石じじいの話です。

じじいは、石を求めていろいろと旅をしましたが、これは岐阜県を訪れた時の話のようです。
岐阜県は、化石や岩石で面白いものが多いのだそうです。
南北に長く、北部は非常に山深い。
南のほうでは、太古の哺乳類の骨や歯の化石がよく発見されるとか。
日本最古の岩石がある、というのは、最近のニュースで聞いた記憶があります。
山の中でじじいは、石を探している子供と出会ったそうです。
その子は、小学生高学年くらいでした。
ゲートルを巻いて、地下足袋を履いて、腰からはわらじを下げています。
簡易テントを背負って歩いていたそうです。
その時、じじいも同じ格好でした。
その子の着ている服は古いものだったのですが、綺麗に洗って補修してあり、少年自身の体も清潔だったと。
じじいが、何をしているのか?と尋ねると。
死んだ父親が求めて見つけられなかった石をさがしているのだ、ということでした。
それが父への供養だと。
母と住んでいて、母は自分の行動に納得している。
と言ったそうです。
その石は非常に珍しい石で、まず見つからないことをじじいは知っていました。
少年に、発見は無理だろう、と説得しましたが、死ぬまでかかっても見つける、とかたい決意でした。

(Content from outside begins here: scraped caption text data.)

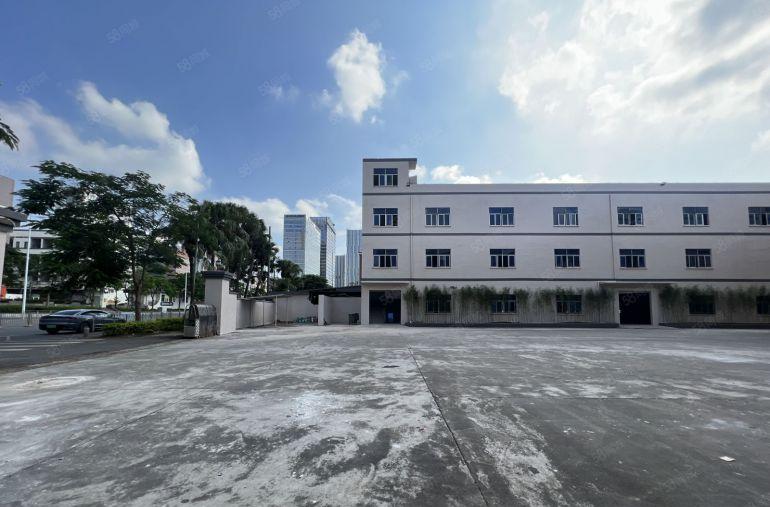 11元起村委厂房直租西坑新出3000平方独门独院仓库厂房出租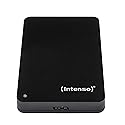 Intenso Memory Drive - 2, 5" External Hard Drive 2 TB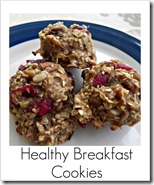 breakfast cookies breakfast cookies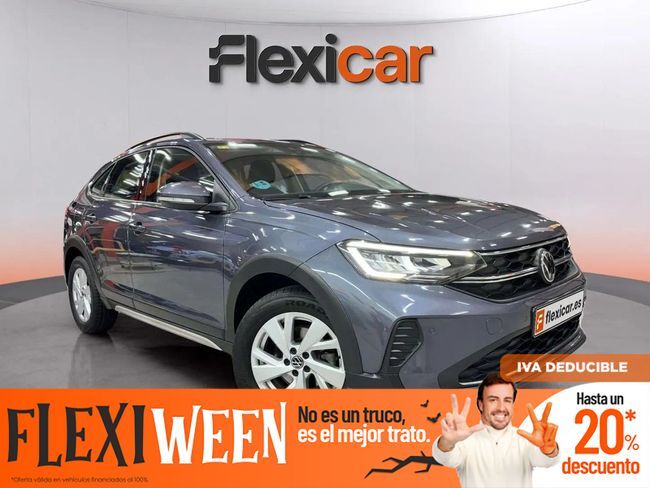 VOLKSWAGEN Taigo (Life 1.0 TSI 81kW (110CV)) en Barcelona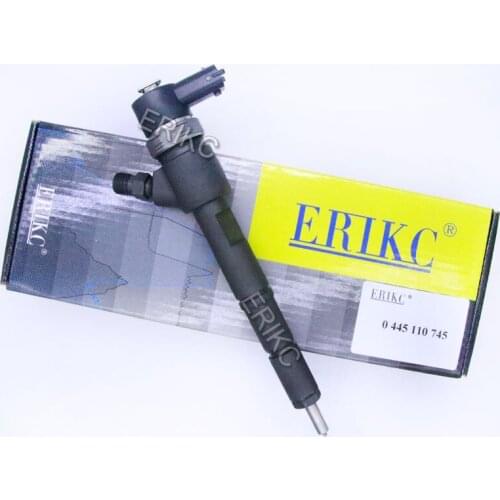 ERIKC 0445110745 High Performance Fuel Injector 0 445 110 745 Fuel Injection Pump Parts 0445 110 745 FOR BOSCH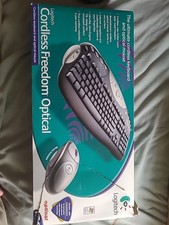 Logitech cordless freedom for sale  Wichita Falls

いろいろと尋ねると、少年は学校にも行かないで山を歩いているようだったと。
いくら戦後そうたっていないといっても、未修学は・・とじじいは心配になりました。
少年は、各地の山のことを非常によく知っていて、じじいを「指導」してくれたそうです。
少年が岐阜の地元の人だったのか?のメモはありません。
その子は、里に下るじじいと山中で別れて、さらに山奥を目指して歩いて行ったそうです。
里に降りて、その少年のことを村人に話ましたが、ここら近辺に該当する子供はいない、ということでした。